Survey Non-Response Weighting Stata

Hello Everyone,

My question is very specific and it looks towards adjusting for non-response in a survey that has no design weight (or any weight for that matter). I need help in finding out how to solve this problem using stata and was wondering if anyone of you could kindly paste an example from one of their work where they used stata to adjust for unit non-response.

The dataset I have is of a government training program that that has around 127000 observations in total. These 127000 trainees were then samples using a SRS on gender whereby we drew around 6700 observations. When the team was sent out to survey these 6700 people, around 4200 responded while the remainder were either not available or refused to respond.

I am really stuck and getting confused each time i browse the internet for help as there is hardly any method out there performed in stata which I can use to understand how someone rightly solved this problem. I know this sounds desperate but I really need help for this.

Hope to hear from the community.

PS: I know this is non health related however the method I am looking for probably works in every case which is why I am thought of asking the question here

1 Like

SRS = stratified random sample?

And the core of your question is to adjust for non-response right? So you are assuming your non-responders have different characteristics than the responders (which is likely true). As you don’t have any weights (yet), do you have any information on characteristics (e.g. sex, age, education, anything?) from both the responders and non-responders? Or was the goal of the survey to collect various characteristics and you now only have them in the responders?

1 Like

Hello scboone (not sure about your real name)

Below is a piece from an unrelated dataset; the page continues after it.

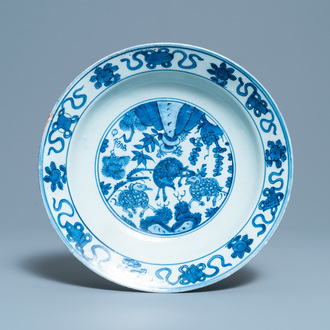 A Chinese blue and white 'three rams' dish, Jiajing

Yes, the sample was a stratified random sampling (gender-wise).

The core is definitely to adjust for non-response. I do have information for both responders and non-responders which includes age, sex etc but not marital status. I am trying to use stata to form these weights and I have been searching online for a concrete method for going about this. If you want I can somehow send you the datafile which you can also have a look at but at the moment I need to understand exactly how to go about adjusting for non-response.

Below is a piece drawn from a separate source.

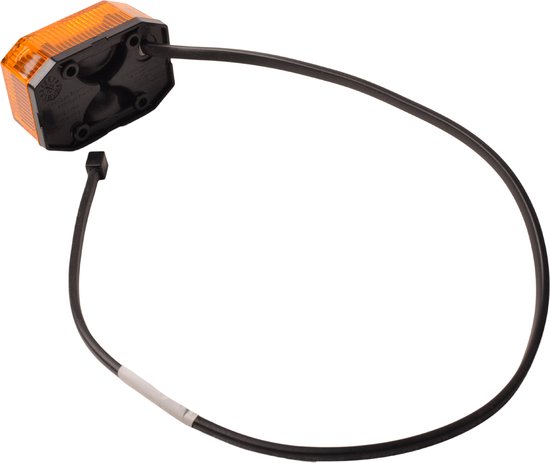Onderkant van octogonale oranje LED lamp met geribbeld oppervlak, zwarte behuizing en kabel.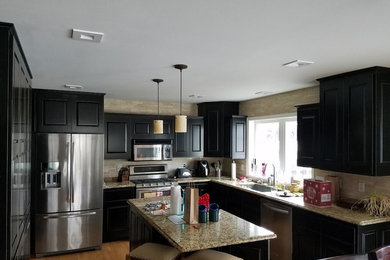 Eat-in kitchen - mid-sized transitional u-shaped medium tone wood floor eat-in kitchen idea in Milwaukee with an undermount sink, raised-panel cabinets, black cabinets, granite countertops, beige backsplash, stone tile backsplash, stainless steel appliances and an island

I have read on post-stratification which is a calibration for non response weights but to calibrate the method in use talks about using logit to determine propensity score and take its predicted inverse. However, the clear steps are not provided and it will be wonderful if you can kindly help me out.

Thank you

1 Like

Sorry for bumping this post, just thought I ask if you might have figured out something

I guess post-stratification is a good option. All you have to do is use response (No=0, Yes=1) as the outcome in a logistic regression model. The model should include all the variables you have both for the responders and non-responders (age, sex, etc). After fitting the model, predict the probability of response § for for each individual. Then take 1/P as the weight for responders and 1/(1-P) as the weight for non-responders. Once you have the weights, verify they sum up to the total of your observations (6700). To do the analysis, svyset your data and use svy: [whatever command you need here] [var: whatever variable you need here]. I haven’t done this in a long time. Thus, I suggest you check my definition of the weights.

If this seems to complicated, and you have the age, gender, whatever other-variable(s) distribution for the whole population (the 6700 or the 127000) you can just do a direct standardization. Actually, that’s what you are doing above.

I hope this helps.


Apologies for not following up on your posts, but what @lbautista describes is I think the right way to go.

Assuming you have a variable ‘response’ with 0 = no response and 1 = response on the survey, the STATA syntax would look similar to this:

logistic response var1 var2 var3
predict respons_prob
generate weight_response = 1 / respons_prob
replace weight_response = 1 / (1 - respons_prob) if(response == 0)

Then you can use either the svyset command or pweight for the command you like. For svyset, the syntax would look like this:

svyset _n [pweight = weight_response] 
svy: mean var1
svy: regress var1 var2


This sets a simple survey design with no clustering etc. I’m not completely sure if this applies to your situation as you performed a stratified randomization, but my knowledge on survey analyses is limited too. Alternatively, you can use the pweight option for a lot of commands which creates more or less the same results:

mean var1 [pweight = weight_response]
regress var1 var2 [pweight = weight_response]

Thank you ibautista I appreciate your help, i will have a look into this and get back to you if I have further queries.

thank you scboone i will definitely look into this and see how it goes for me. Thank you for taking out time to reply!

Hi , I found this thread very useful for my analysis. Thank you to all of you. I was wondering if you have a reference for the formula mentioned, i.e for responders, weight is 1/P and for non-responders, weight is 1/(1-P). Thanks.

Look up propensity score analysis for non-response. In the longitudinal setting, Phil Lavori showed that propensity weighting to deal with dropout over time results in hugely inefficient estimates.

Thank you! I have been reading about propensity scores. Mine is a crosssectional survey.

Some of the major inefficiency of weighted analysis will also apply there.